Die an der Hochschule für Musik in Weimar studierte Tasíya Anastasiya Volokitina, wie sie mit vollem Namen heißt, sucht ganz individuelle Zugänge zur Musik. Natürlich spielt der konservative Jazzgesang dabei eine nicht unerhebliche Rolle. Aber zugleich nutzt sie ukrainische und russische Volksliedmotive, arbeitet mit verschiedenen Vokaltechniken, um ihren Stimmumfang zu erweitern. Zudem steht sie elektronischen Techniken offen gegenüber, handhabt kleine aber typische Instrumenten ihrer Heimat und formt letztendlich eine ganz eigene musikalische Sprache, die völlig fasziniert. Sie will nicht unbedingt schön klingen. Ihr geht es um den Ausdruck, um die Interpretation vor allem der eigenen Kompositionen.

Da tauchen plötzlich auch Dissonanzen auf, Verschattungen, Verschleifungen und jede Menge Melancholien. Ihre Stimme schlägt regelrechte Purzelbäume, sie explodiert, um im nächsten Moment flüsternd einen emotionalen Gegenentwurf zu formulieren. Sollte man diese Art der Interpretationen an Namen festmachen, dann könnte dies ein Spektrum sein, das von Norma Winston, ihrer persönlichen Favoritin bis hin zur brasilianischen Vocalistin Flora Purim reicht.

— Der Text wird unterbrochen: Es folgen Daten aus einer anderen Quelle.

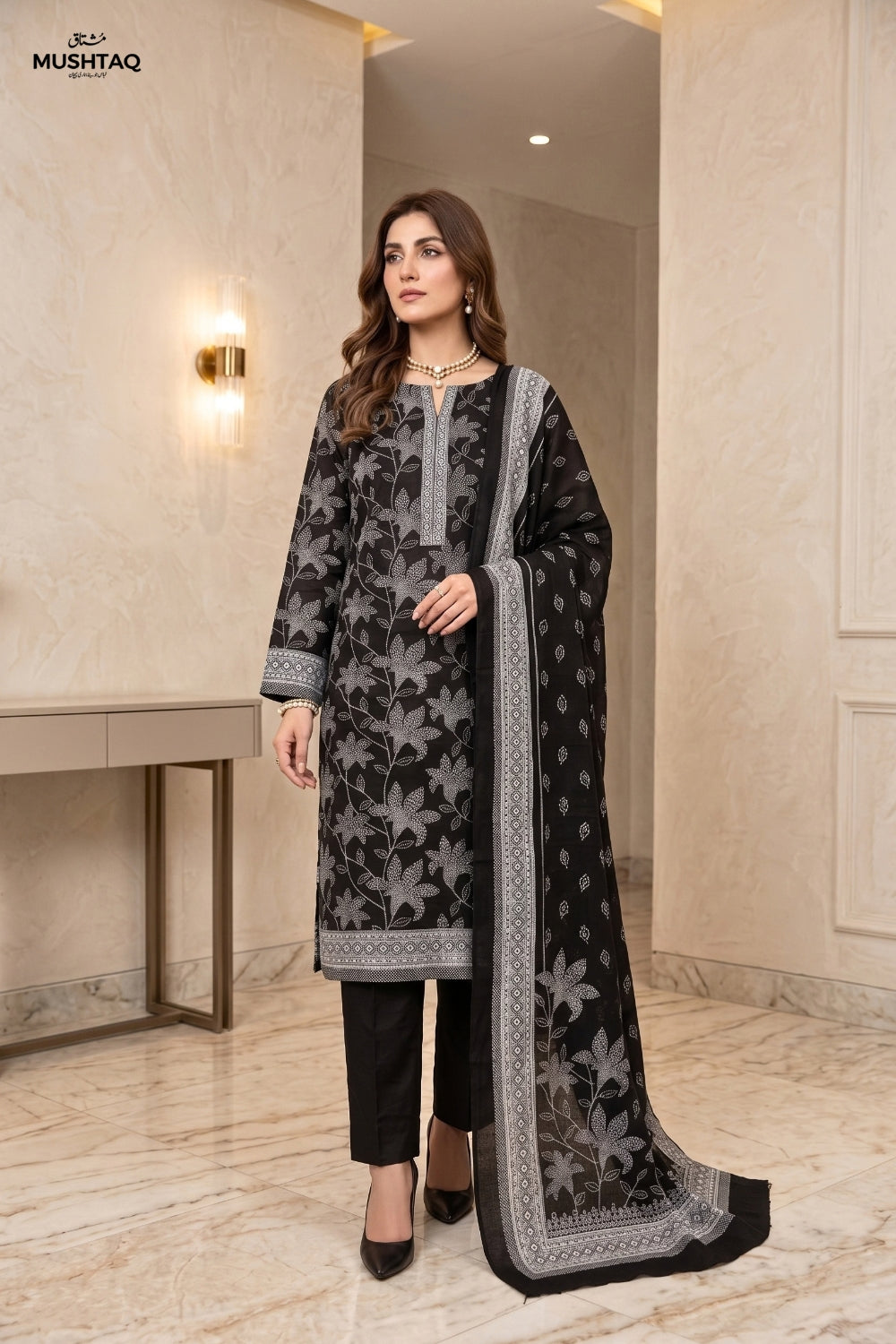 Mushtaq 3Pcs Unstitched Printed Doriya Linen Arisha Collection Desgin - 3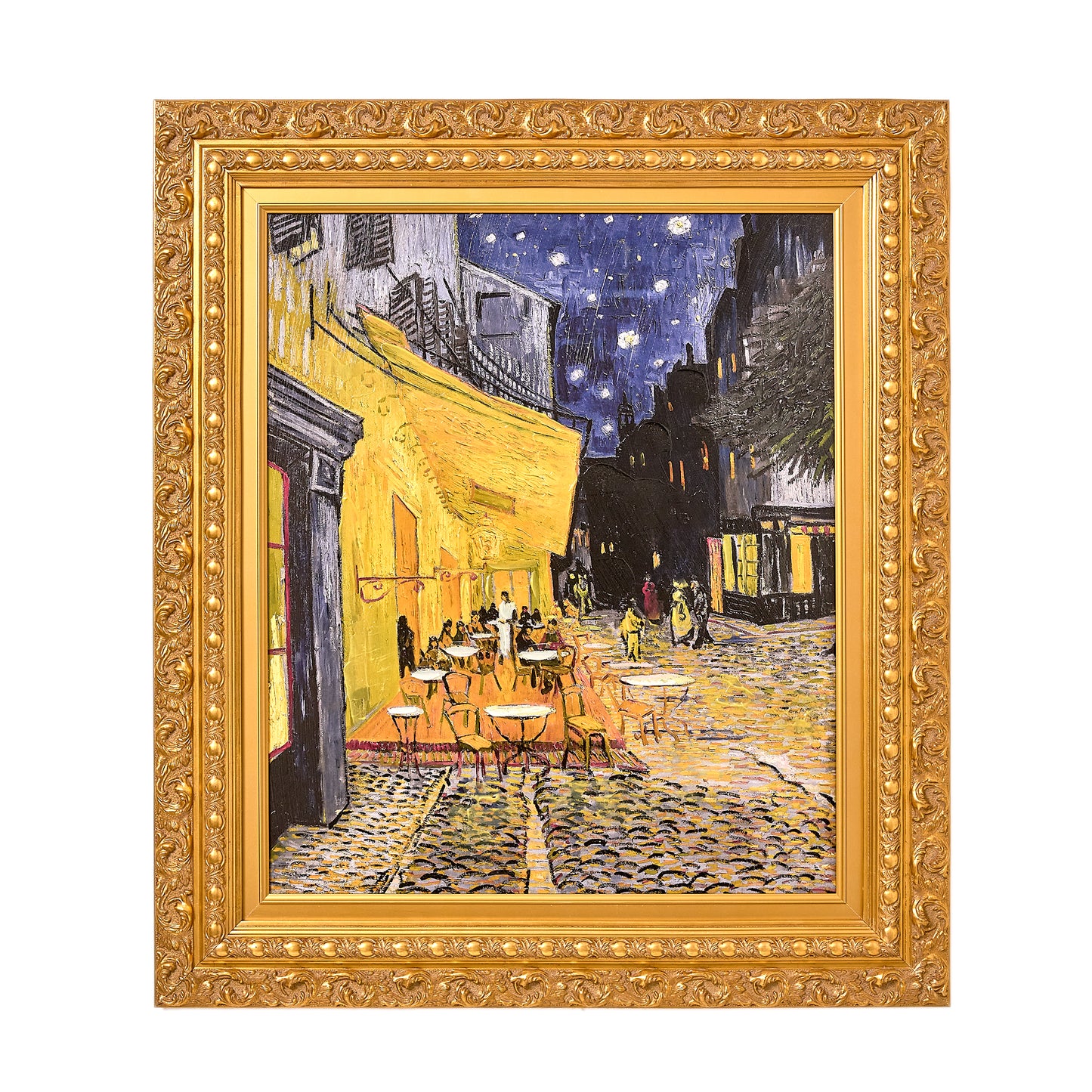 Ornate Framed Cafe Terrace at Night Canvas Print by Vincent van Gogh 28" x 31.75"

Sammy Lukas ist der ideale Begleiter und auch Solist am Klavier. Er versteht es harte Akkorde zu setzen, beherrscht das lyrische Spiel, dann wieder perlen die Melodien und Improvisationen wie selbstverständlich aus dem Instrument. Er nimmt die Dynamik der Sängerin auf und motiviert mit seinem Tastenzauber wiederum Tasíya. Letztendlich wird so der Jazz (bewusst!) politisch - auch als Ausdruck der Freiheit.